ASSIGNMENT | Once the line with "Eine Familie sitzt" is found, write it out along with every line after it, exactly, up to the last line of the entries below. Exclude pictures.
═════ EXTRACTED DATA ═════
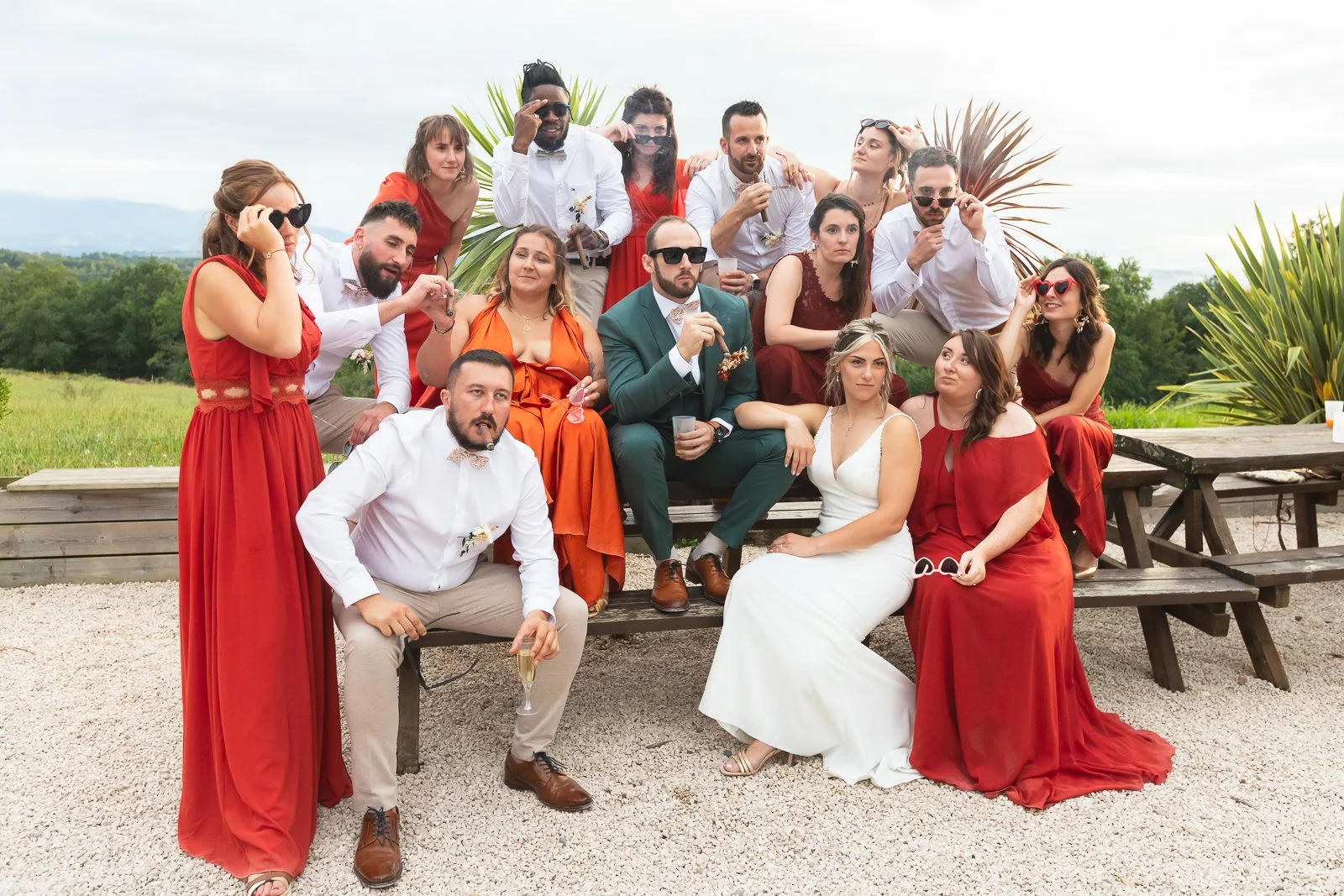 Groupe de personnes à une fête en plein air, certaines portant des robes rouges, un couple assis en tenue de mariage, autour de tables en bois et d'une pelouse verte, avec un ciel nuageux.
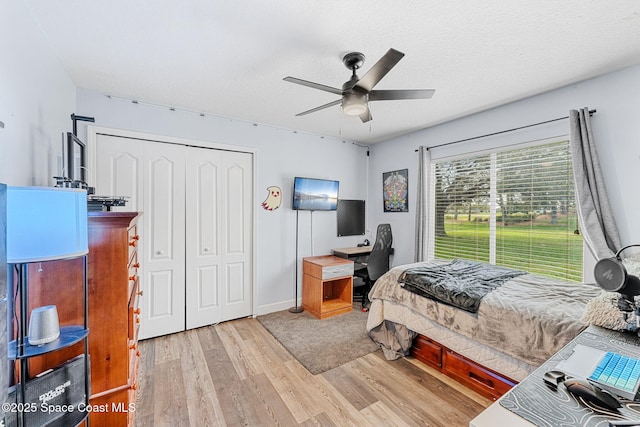 bedroom featuring light wood-type flooring, ceiling fan, a textured ceiling, and a closet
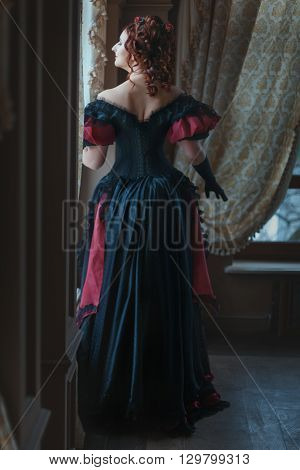 Woman in Victorian dress standing back at the window.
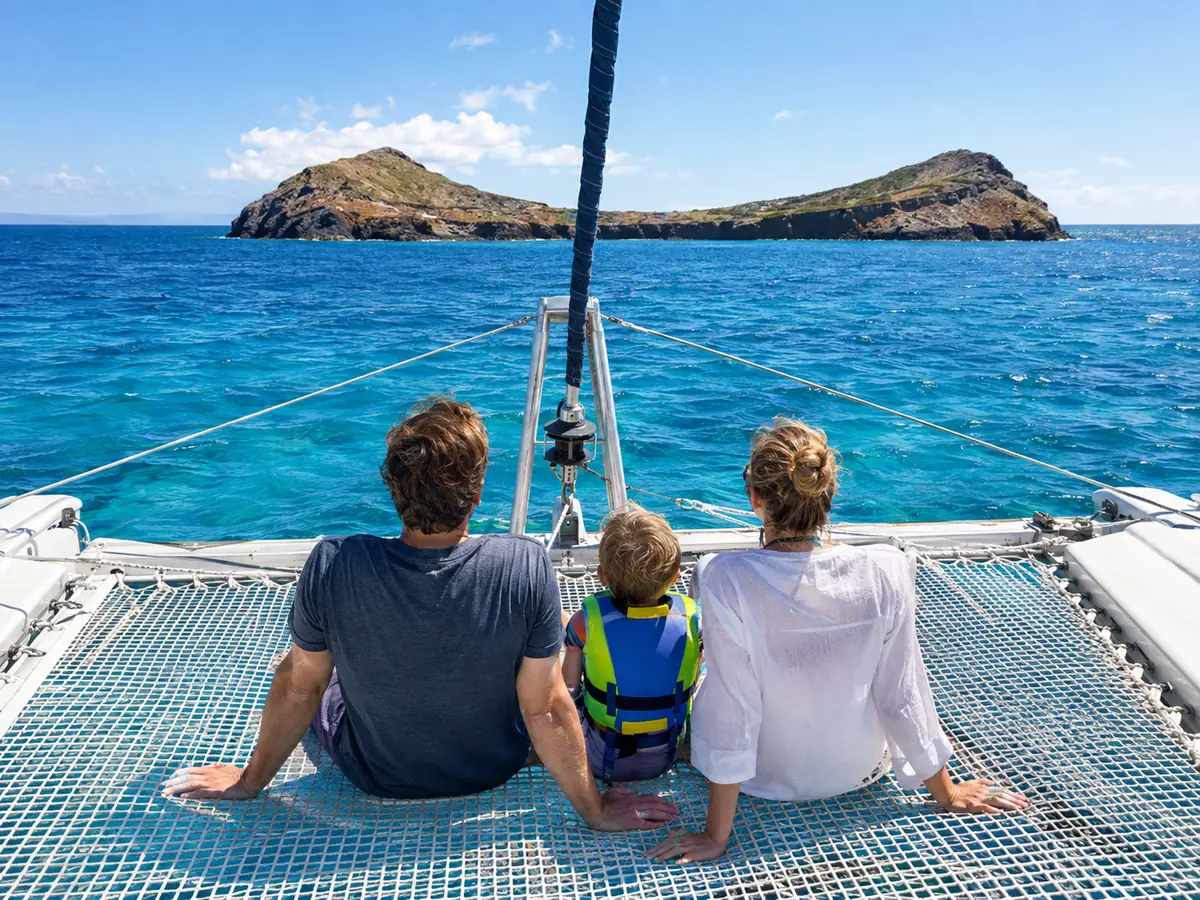 Eine Familie sitzt auf dem Bugnetz eines Katamarans, ein Kind in Schwimmweste, vor ihnen Molokini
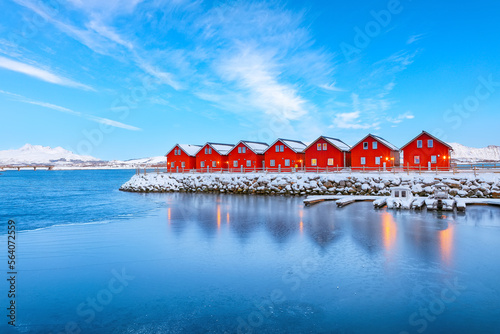 Gorgeous scenery wit traditional red wooden houses on the shore of Offersoystraumen fjord.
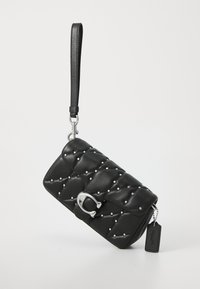 Quilted black leather clutch with silver hardware, adorned with small decorative studs, featuring a detachable wrist strap and tag.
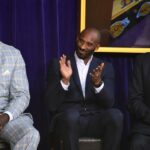 Shaquille O'Neal (left), Kobe Bryant (center) and Phil Jackson react during ceremony to unveil statue of former Los Angeles Lakers center O'Neal at Staples Center.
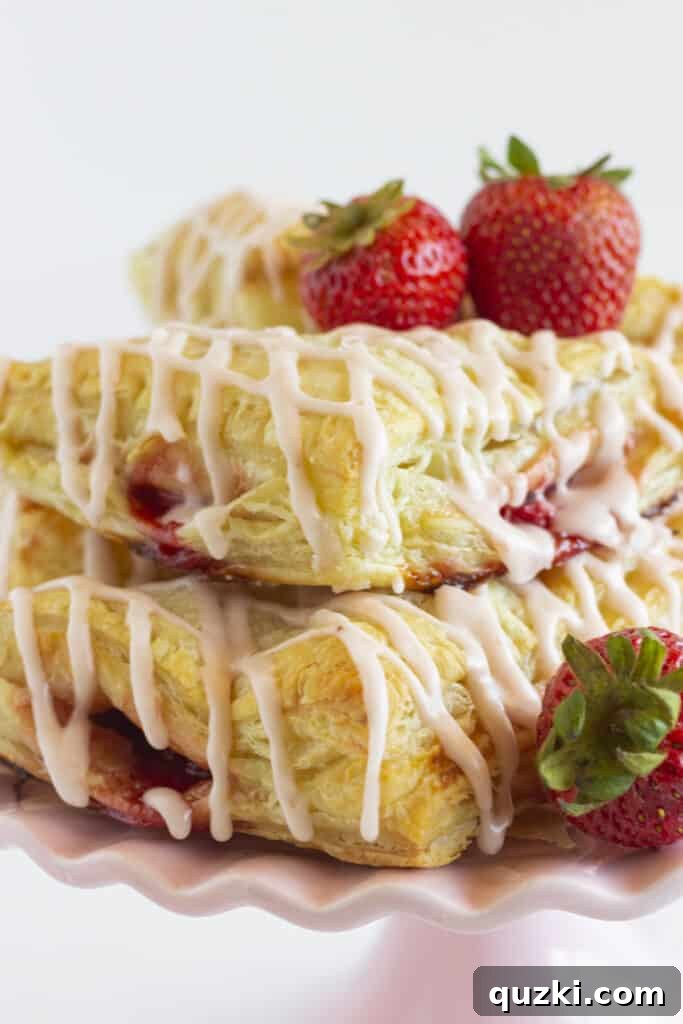 Effortless Strawberry Puff Pastry Delights 2 Fresh strawberry turnovers on a pink cake plate.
═════
ANSWER SECTION |
 Eine Familie sitzt auf dem Bugnetz eines Katamarans, ein Kind in Schwimmweste, vor ihnen Molokini
 Gorgeous scenery wit traditional red wooden houses on the shore of Offersoystraumen fjord.
 Quilted black leather clutch with silver hardware, adorned with small decorative studs, featuring a detachable wrist strap and tag.
 Shaquille O'Neal (left), Kobe Bryant (center) and Phil Jackson react during ceremony to unveil statue of former Los Angeles Lakers center O'Neal at Staples Center.
 Effortless Strawberry Puff Pastry Delights 2 Fresh strawberry turnovers on a pink cake plate.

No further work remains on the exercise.